Wednesday, June 4, 2008

"Fatima the Frisker?"

There are some new faces among Iraqis who have made it their business to protect their neighborhoods and their nation from lawlessness and nihilism, and they are not what you might expect. The Sons of Iraq are being joined by a small but growing number of daughters.

The LA Times reports that approximately 900 out of the roughly 90,000 citizen security sentinels are women who have come forward to perform duties like searching females at some checkpoints and within key facilities such as government buildings and hospitals. Islamic proscriptions against such tasks being performed by men have created a marked security hole, through which an alarming number of female suicide/homicide bombers have slipped. The "Daughters of Iraq" are thus far prohibited from carrying weapons in the performance of their duties, and cannot operate at open-air checkpoints or markets. However, their presence creates a deterrent which cannot help but increase operational risk for planners of suicide operations utilizing women.

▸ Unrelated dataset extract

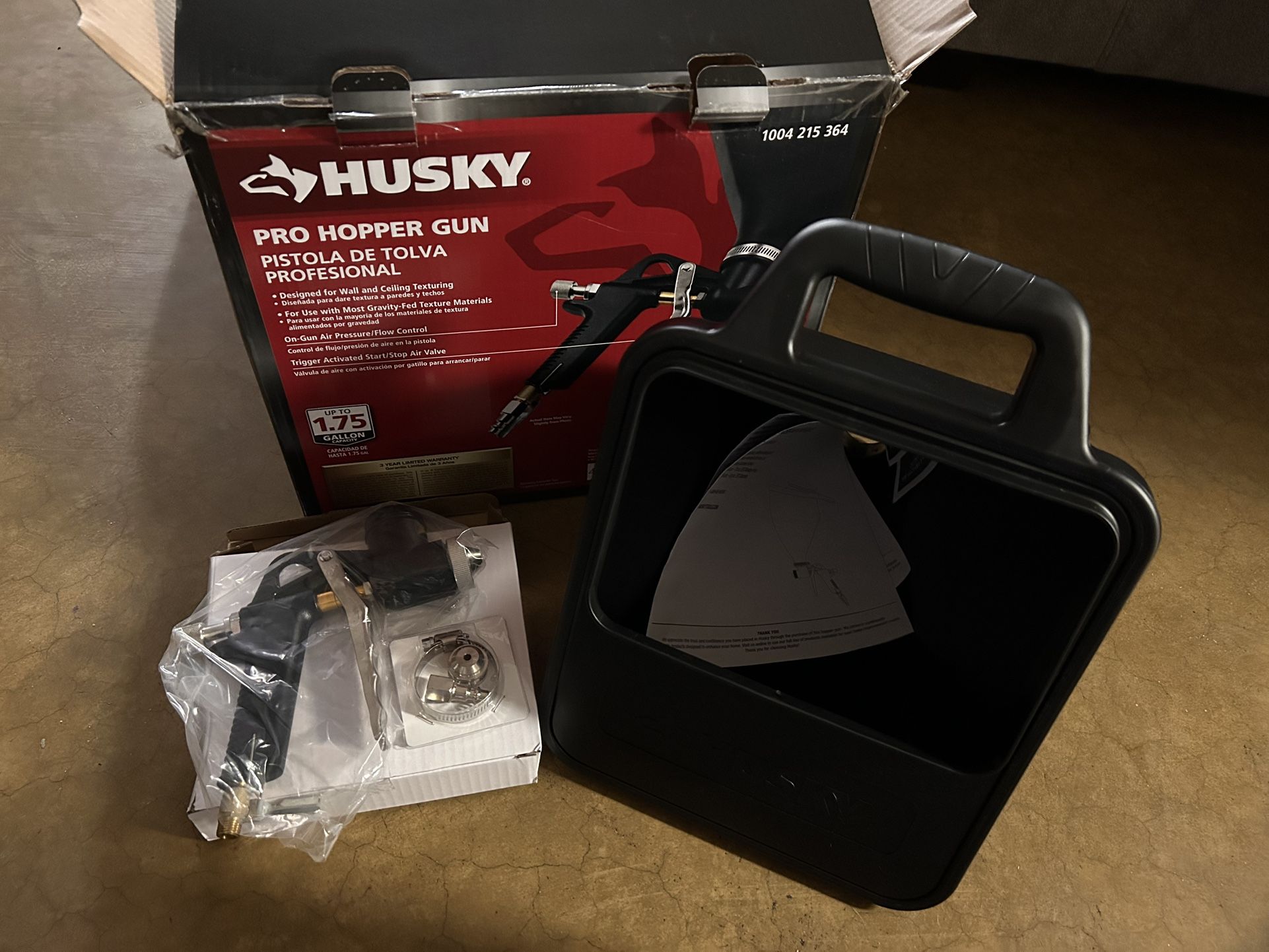 New Pro Hopper Gun Drywall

But the significance of having women perform these duties goes even beyond the obvious benefit of allowing the search of potential female bombers. The presence of women in societal roles which are traditionally the exclusive province of men could be a tremendously empowering factor. It creates a strong counter-narrative to the idea that women cannot handle such jobs, a precedent which will be extremely difficult to erase from Iraqi society going forward. Naturally, the example of "Rosie the Riveter" comes to mind. The American women who worked in WW2-era factories may have been de-mobbed after the War, but the imprint of strong, capable females stepping up to a plate which didn't have dinner on it was permanently etched on the American zeitgeist, and had a profound influence on subsequent feminist thought and activism. I sincerely hope that a similarly salubrious set of memes will inoculate the women of Iraq against passivity in the face of reactionary pressures to retreat back into the home and hijab.

It is a telling dichotomy indeed which exists between al Qaeda in Iraq, and the irregular security forces of the legitimate Iraqi government. The former taps into the rage and helplessness of women who have no path to honor and productiveness, and seduces them into laying down their lives in the cause of their own servitude. The latter offers a way to earn a respectable income protecting their families and their communities from the depredations of enemies whose berserker rage erupts from a pathology of powerlessness...and to discover a measure of their own power in the process.